Foto: Natalie Dees | Margarete Köllmeier (im Bild hinten) schneidet, wäscht und wickelt Locken – und das seit Jahrzehnten.
Natalie Dees
 |  aktualisiert: 03.12.2019 09:06 Uhr
Fotoserie

Seit Anfang Mai ist sie 90 Jahre alt. Von Ruhestand aber will Margarete Köllmeier nichts wissen. In ihrem hauseigenen Salon arbeitet die gebürtige Fürstenfeldbruckerin noch immer zwei Tage pro Woche als Friseurin – zur Freude ihrer zahlreichen Stammkundinnen.

„Ja, jetzt bin ich 90. Aber die Arbeit hält mich fit.“, sagt Köllmeier nachdenklich, wischt sich kurz über die Nase und lässt das Stofftaschentuch wieder in ihrer roten Kittelschürze verschwinden. Seit 75 Jahren arbeitet „Gretl“, wie sie von ihren Kundinnen genannt wird, in ihrem Beruf.

Es ist Freitag, der 13. Mai, 8.30 Uhr. Drei Tage nach Köllmeiers Geburtstag zeigt ihr Terminkalender stolze 13 Einträge. Vier Kundinnen sind bereits da. „Normalerweise sind es nicht so viele, nur vor Feiertagen“, lächelt die Friseurin. Seit drei Jahren schließt sie ihren Salon nur noch an zwei Tagen auf, „die reichen mir, ich bin schließlich keine 20 mehr“. Unterstützt wird die agile Dame seit rund 40 Jahren von Marlene, ihrer 71-jährigen Mitarbeiterin.

1941 begann sie ihre Lehre

Margarete Köllmeier wuchs als eines von vier Kindern an verschiedenen Orten in Bayern auf, da ihr Vater bei der Bahn arbeitete. Die Familie wohnte zunächst in Schwabach (Mittelfranken), dann in Waigolshausen, kaufte schließlich ein Haus in Eßleben (beide Lkr. Schweinfurt). Mit 27 Jahren heiratete „Gretl“ ihren Mann, der vor zwei Jahren verstarb.

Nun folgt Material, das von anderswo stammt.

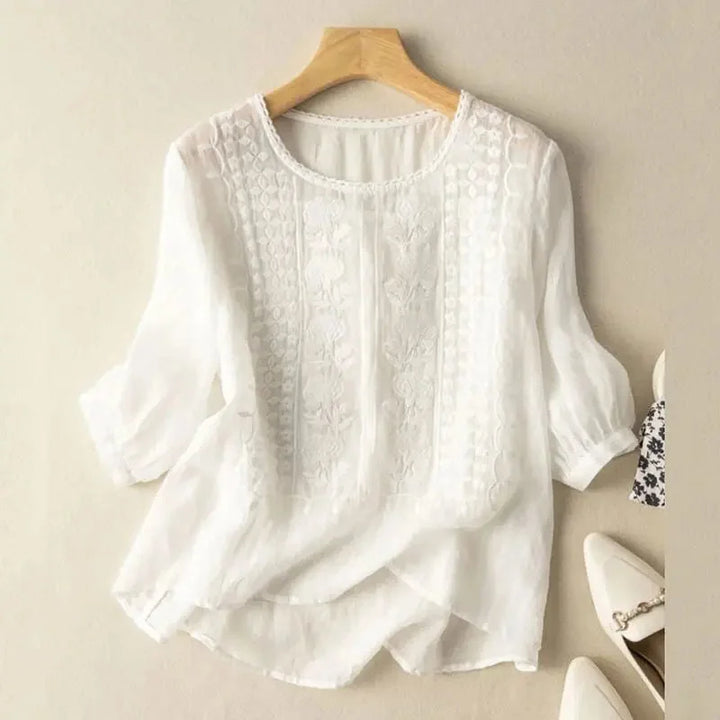 Elegant women's floral embroidered blouse with puff sleeves & relaxed fit, perfect for spring casual chic style.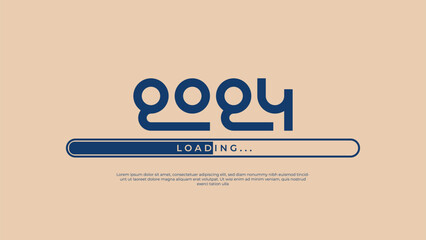 Fototapeta premium 2024 target business planning concept with loading bar, vector illustration for graphic design in flat style.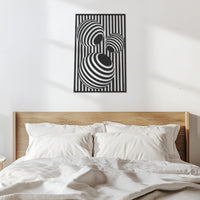 3D Optical Illusion Metal Wall Art, Geometric Abstract Panel, Modern Illusion Home Decor, Contemporary Wall Hanging Sculpture, Wall Decor 5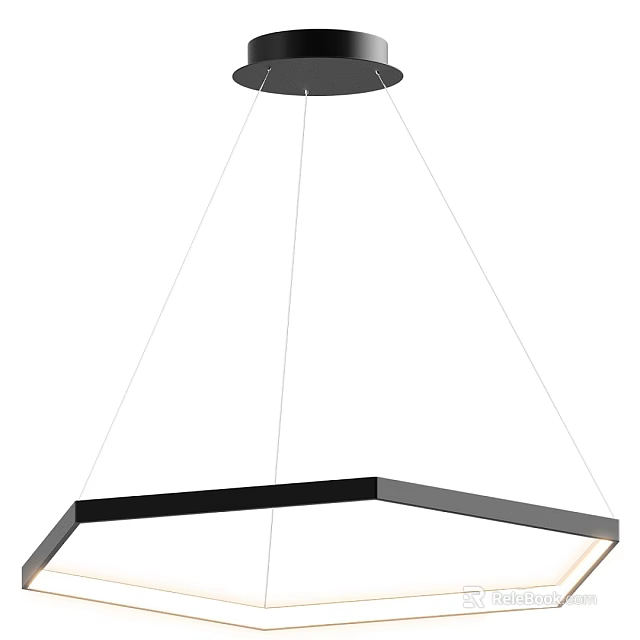 Minimalist Modern Pendant Light Featuring Black Hexagonal Frame Suspended By Thin Cables 3d model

Sie hat drei Söhne und drei Enkel. Mit ihrem ältesten Sohn bewohnt sie das 1960 erbaute Haus, in dem sie im Erdgeschoss eine Frisierstube eingerichtet hat.

In dem Salon scheint die Zeit stehen geblieben: zwei große Kristallspiegel auf schwarz-glänzendem Untergrund, ausladende Porzellanwaschbecken, ein schwarz-gelber Boden im Schachbrettmuster. Besucher fühlen sich augenblicklich in die 60er-Jahre zurückversetzt. Eine Ecke des Raumes ist durch einen Vorhang abgetrennt, dahinter reihen sich Flaschen, Tuben und Umhänge. „Eigentlich wollte ich die Einrichtung schon mal komplett rausschmeißen“, sagt Köllmeier. Ein Vertreter hielt sie davon ab. „Die Waschbecken haben noch keine Flecken“, verkündet sie stolz. An der Wand reihen sich kreisrunde Spiegel mit weißem Rahmen auf ziegelrotem Untergrund.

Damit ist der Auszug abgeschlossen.